Tatiana Maslany has played a cop, an evolutionary biologist, an assassin and a CEO on the BBC mind-bending drama "Orphan Black." In an industry where many women lament the lack of one meaty roles, Maslany is swimming in them, playing a character and her numerous clones.
But there's one skill she wishes she had. "I sleep as much as I possibly can. I can't sleep at the best of times. My brain doesn't shut off," says the Emmy and Golden Globe nominee.
Her performance -- and its numerous iterations -- has dazzled critics; the season four finale airs Thursday. Given the sheer number of women she plays, Maslany relies on specific cues to keep them straight. "It depends. There's certain keys into these different characters, whether it's physicality or music or movement. There's a shorthand that my body knows. The hair and makeup and wardrobe change really helps. My cast always treats me differently depending on who I'm cast as," she says.

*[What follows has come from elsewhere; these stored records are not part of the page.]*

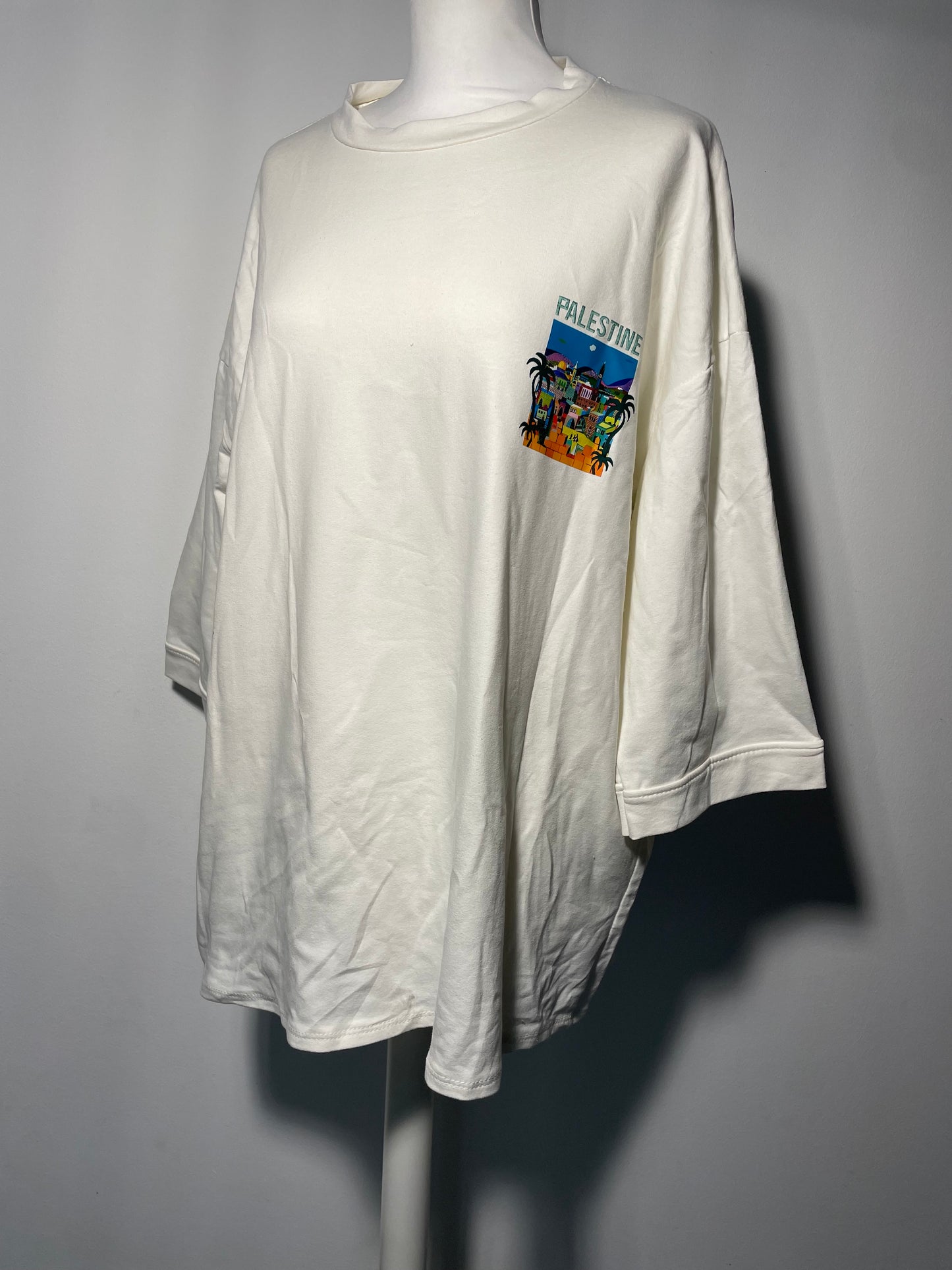 Tee shirt PALESTINE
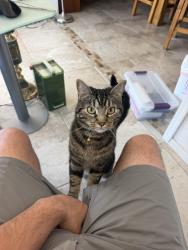 Lost Female Cat last seen Dixileta and 62st, Cave Creek, AZ 85331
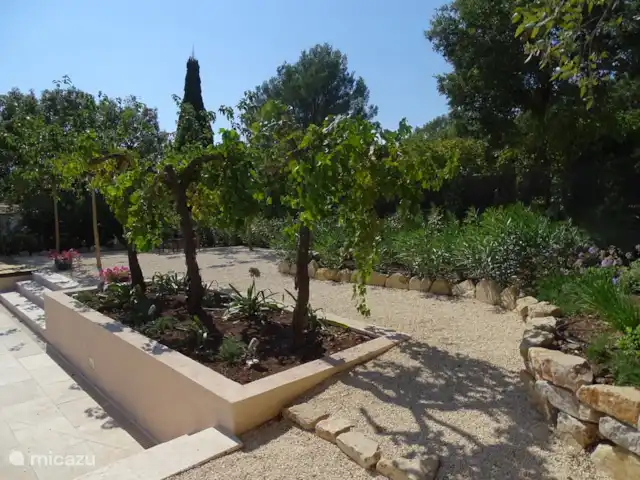 Villa Paranis | France, Côte d'Azur, Frejus - villa Jardin avec des vignes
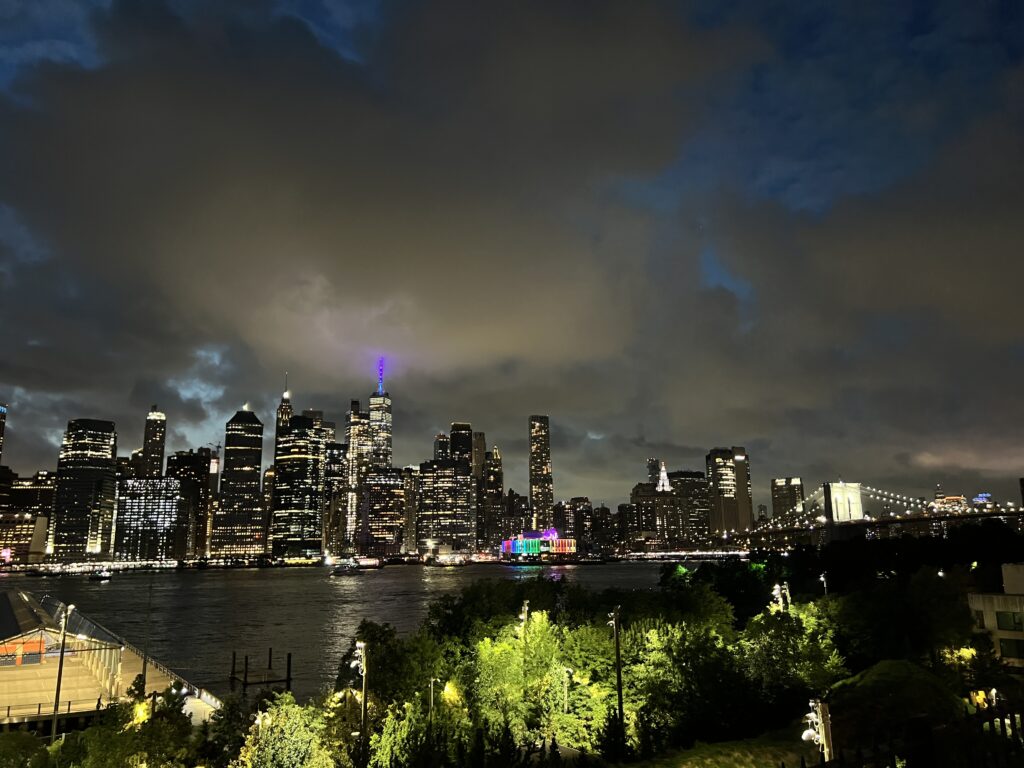 Brooklyn Promenade vista su lower manhattan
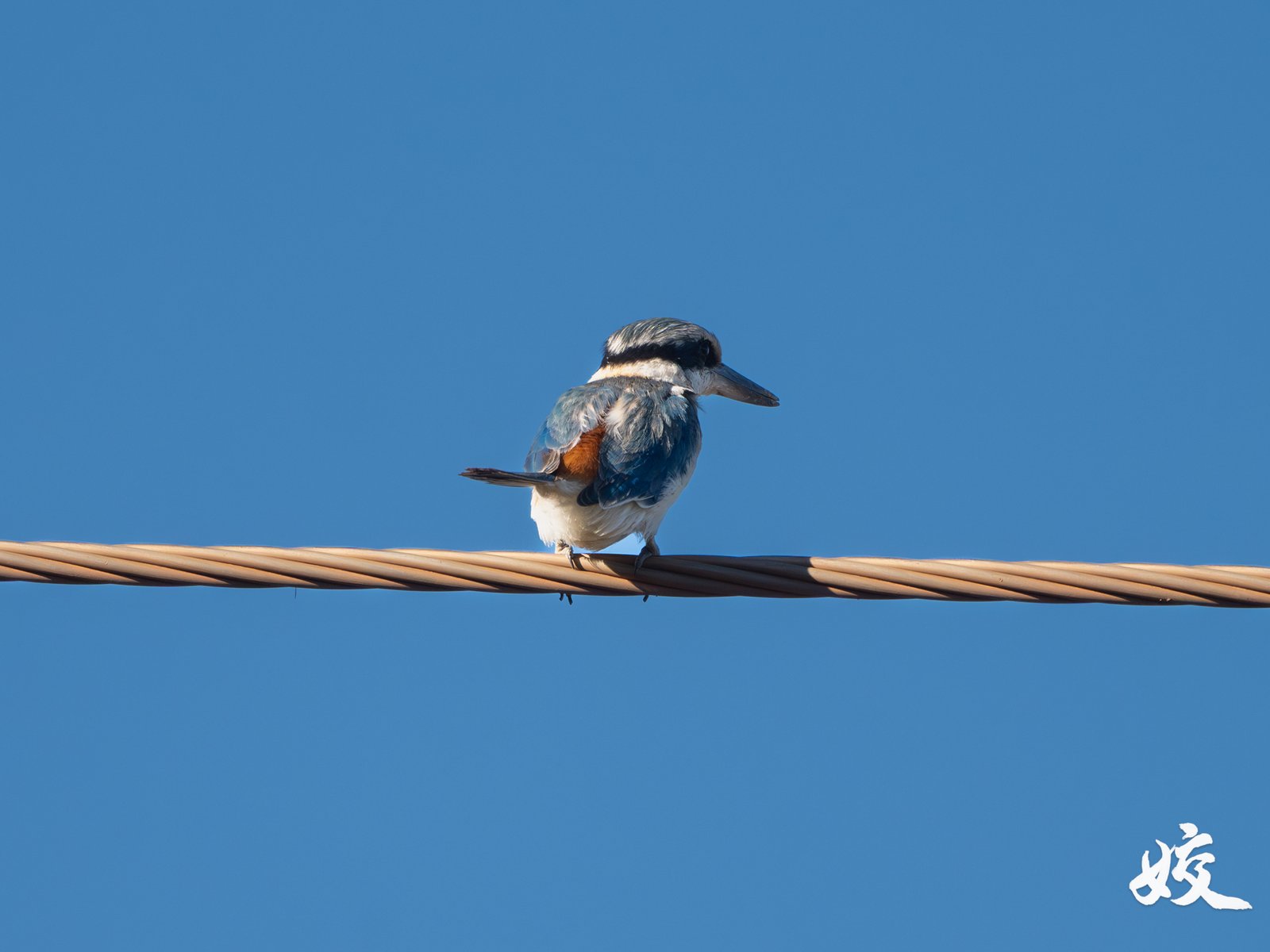 Red-backed Kingfisher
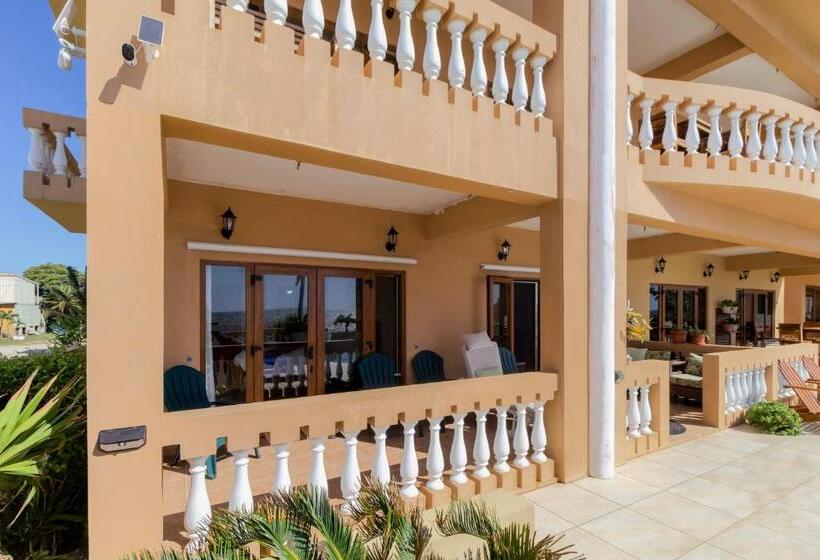 带大床的套房, Hol Chan Reef Resort & Villas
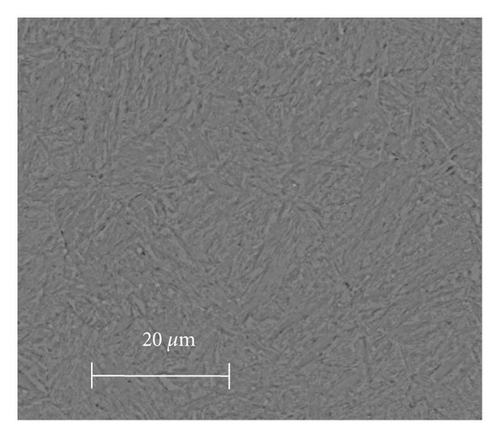 Details are in the caption following the image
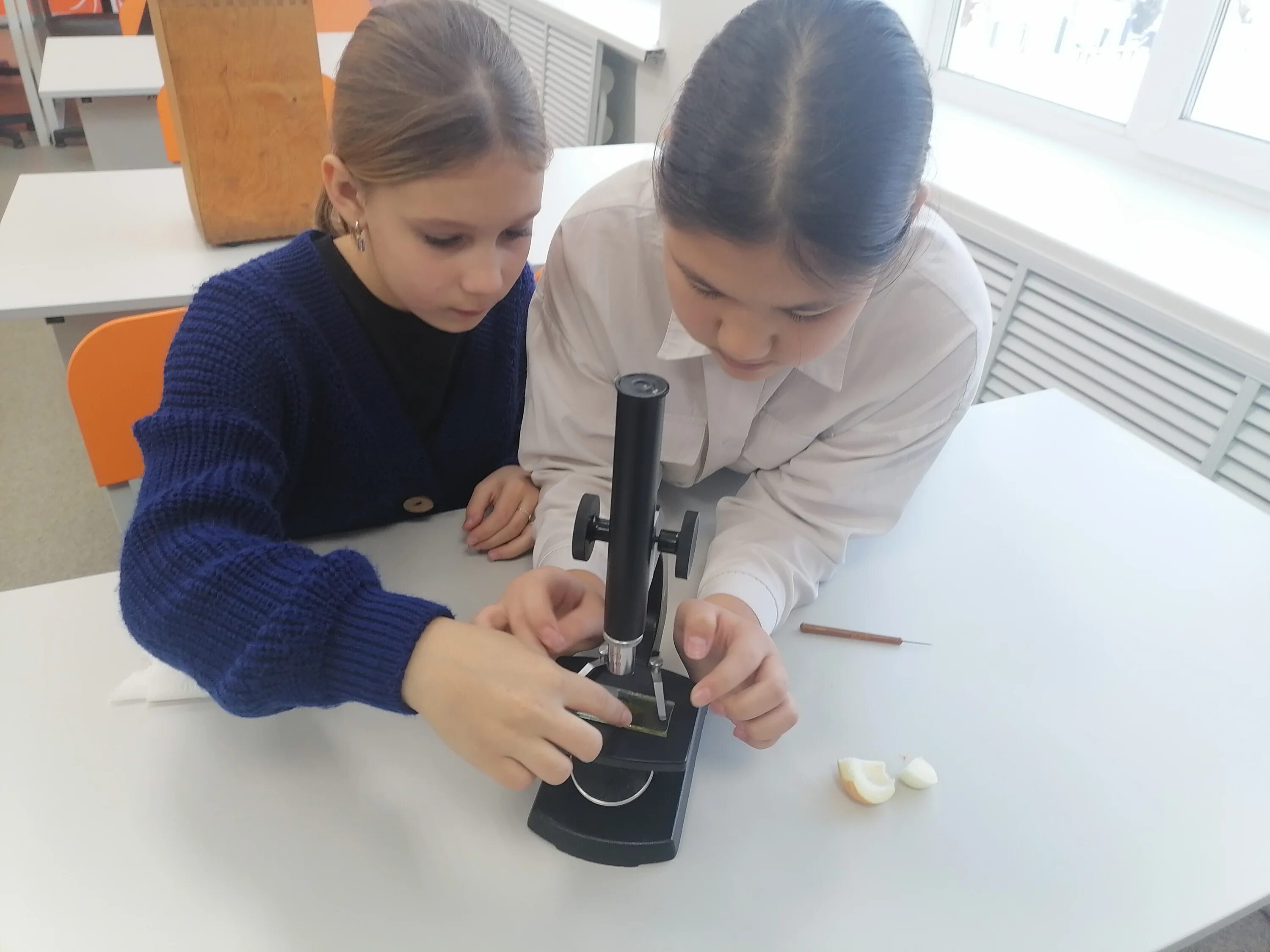 урок биологии в школе. олимпиада по биологии. преподавание биологии в школе. огэ по биологии микроскоп. урок биологии 2022.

She appreciates the unique richness of her many roles, in an industry where many women are lucky to land just one. "It's been such a cool experience getting to play characters that I probably would normally be cast as, like high-powered executives or serial killers. It's been a fun experience to break through those limits," says Maslany.
The Canadian actress, who's headlining the drama "Stronger" about the Boston Marathon bombing (opposite Jake Gyllenhaal) says that she isn't method on set.
"There's an energy that remains. It's not like I'm walking around having people say my name as the character," says Maslany. "The biggest challenge is the technical, creative side of it -- creating someone new and trying to breathe a different life into my performance. The most rewarding thing is that same exact thing. I get to explore all these lives at the same time. I get to really mix it up."